How I sort out my ideas and thoughts

Oct 7, 2021 · About me, Content creation · 3 minute read

Whenever I have thoughts on something I am working on, or things that worry me, or just something that might be very cool to do, I press the record button on my phone's voice recorder app and start talking.

I just tell myself what my ideas are, possible solutions, which things are important, and whatever else comes to my mind. Just ramble on about it, thinking out loud, brainstorming, start a continuous flow of whatever is on my mind about that thing.

For me this works best when I am alone, for example in the car, or when I'm taking a walk. If necessary, I make this less awkward by pretending I am calling someone, while I am actually talking to myself. 😉

I not only do this to clear up my mind (all these thoughts and great ideas can really pile up 🤯), but more importantly, it's the first step to actually do something with it.

Every recording is about one specific subject, to keep it organized. The length of these recordings can range from just a few minutes to over an hour.

Then, the next step is to sort out this pile of junk.

I get a notepad, listen to the recording, and write down the most important things I said. While doing that, I reorder and categorize things, maybe come up with additional ideas, and skip things that are not important.

For more task-based subjects, instead of a notepad, putting things on a kanban board such as Trello also works great.

This process gives me a great insight into what the essence is, shapes my random thoughts and I can use it to distillate concrete actions out of it.

I deliberately separate the processes of getting my thoughts out from writing them down. They both deserve their attention because they have different goals. Writing things down immediately, while brainstorming, takes effort and distracts me too much from the actual brainstorming. The brainstorming part is very important and I don't want to miss anything, or at least as little as possible.

Sometimes, after brainstorming, I don't take the next steps, because I conclude it's not important, feasible, or fun enough to work on any further. But then at least it's out of my head.

An example: Switching jobs

Earlier this year I was not entirely satisfied with my job. So I recorded all my thoughts on what I liked about my job, what I didn't like, what I find important in my work, what I am missing now, what to look for, etc.

After analyzing my thoughts it was clear I definitely needed to go look for another job.

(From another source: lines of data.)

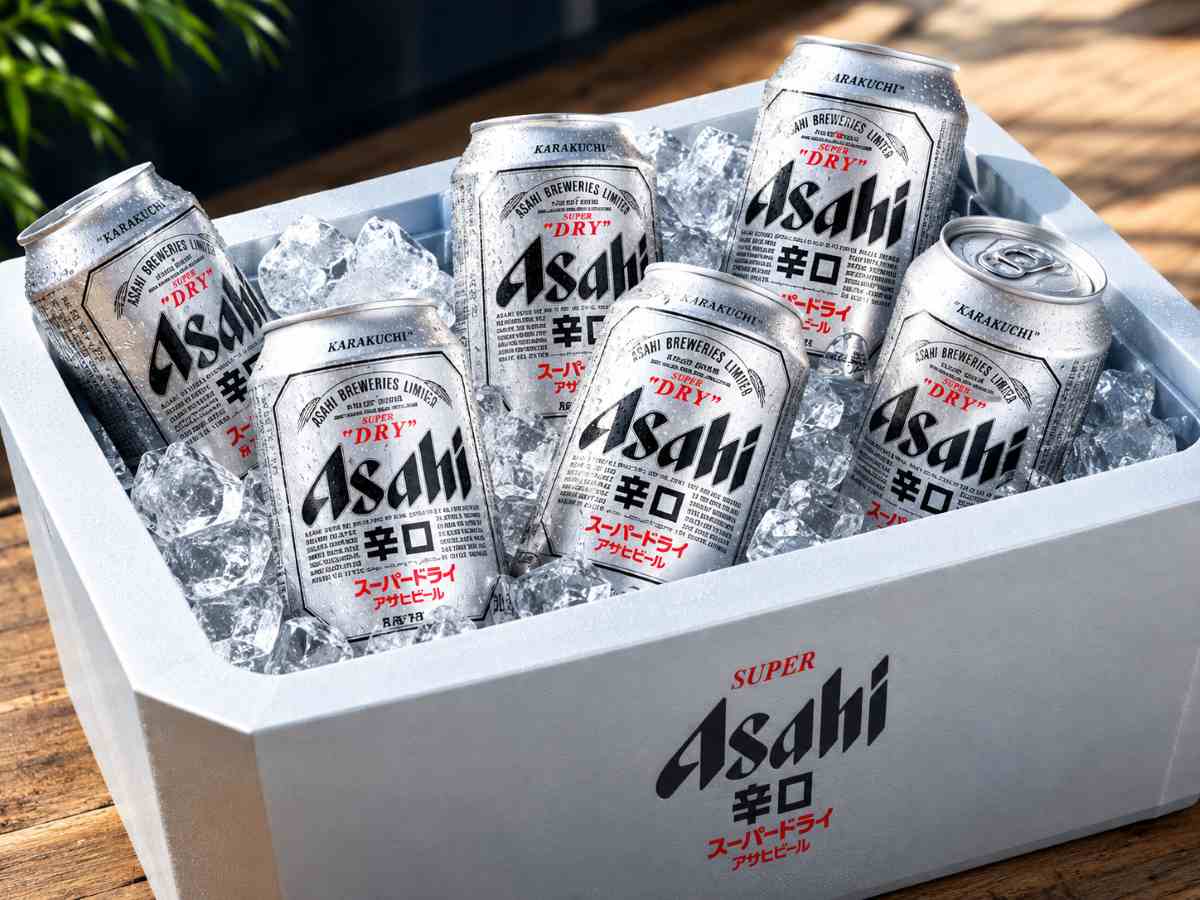 Japan’s Asahi Group
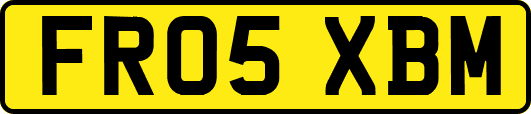 FR05XBM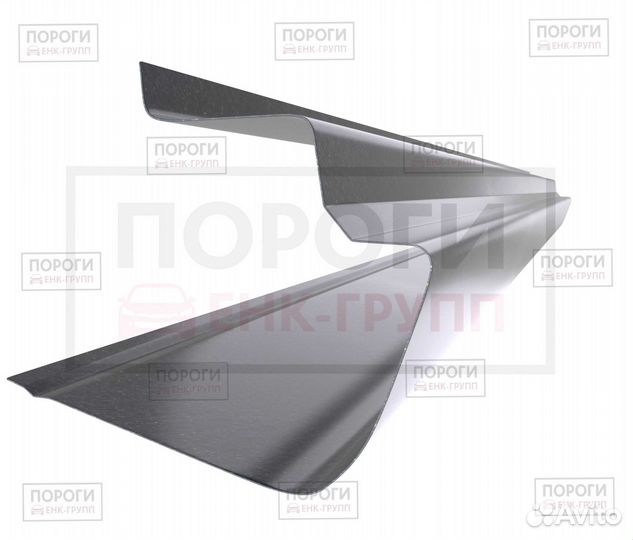 Пороги Mercedes-Benz W208 и другие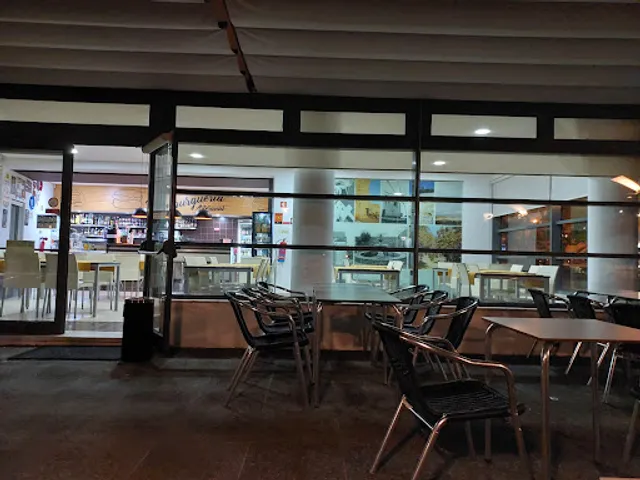 Hamburgueria do mercado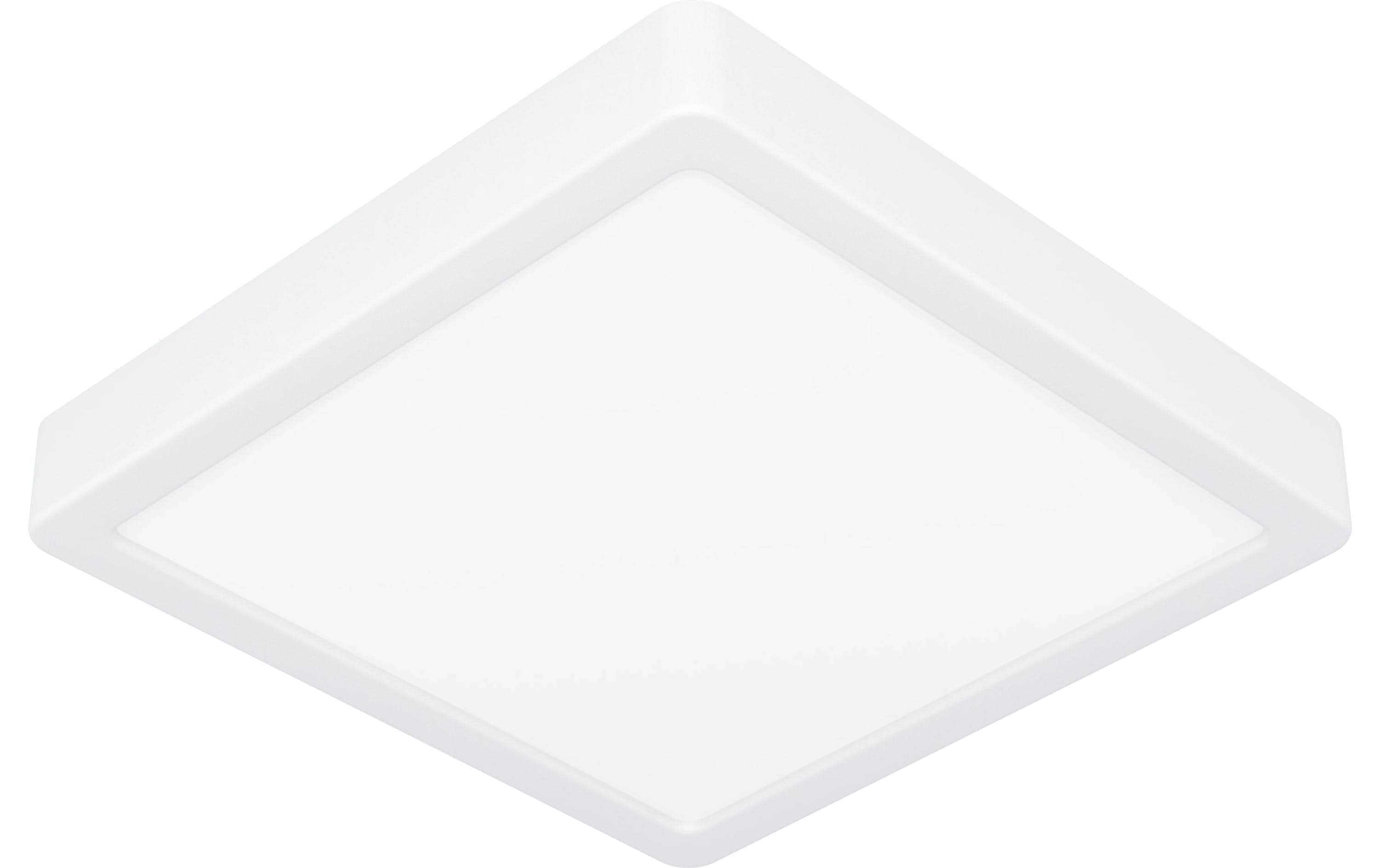 Eglo Deckenleuchte Fueva 220x220mm, weiss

Then, after looking for a while, a got a serious offer from a very nice company, and it was time to make up my mind and decide what to do.

So I recorded all my thoughts on what the pros and cons would be for joining that company. After recording, I wrote down all these pros and cons and gave them a weight of how important each thing was to me.

Then, not only I could do the math, but also the feeling I got from the insights this gave me helped me decide to leave my employer after more than 13 years and start a new adventure!

And it was (and still is) an adventure, so I am pretty sure I would not have done it if I did not use this method to make such a well-considered decision. I probably would have stayed because, well, it's also fine like this, and changing things would only give me uncertainty. However, analyzing my thoughts and ideas (and the fact I love my new job) shows it was the right choice.

Another example: Side projects

I like to build side projects. Primarily to learn new things, to improve or automate, and because it's great fun.

So then this great idea pops up, I think about it en then get this feeling of "Yeah, I definitely should do something with this". But where to start? What are my requirements? How should this even work? Which technologies should I use?

So again, I press record and start rambling. During talking sometimes the greatest ideas pop up. I get more focus on what is important and most often can quite easily put things on a Trello board so I can start working on it right away.

But I have many side projects, and although most of them are just for fun and have no obligations, sometimes I lose track of what I should or would like to work on first.

This method is also great for that, defining goals, depending on that decide which project(s) to work on first, which technologies to use, etc.

Conclusion

After reading this, you might not even be surprised I created the blog post you are reading now by first making an audio recording for it. 😄

I am curious what you think of this? Is this something you (would) use? What is your method for dealing with these kinds of things?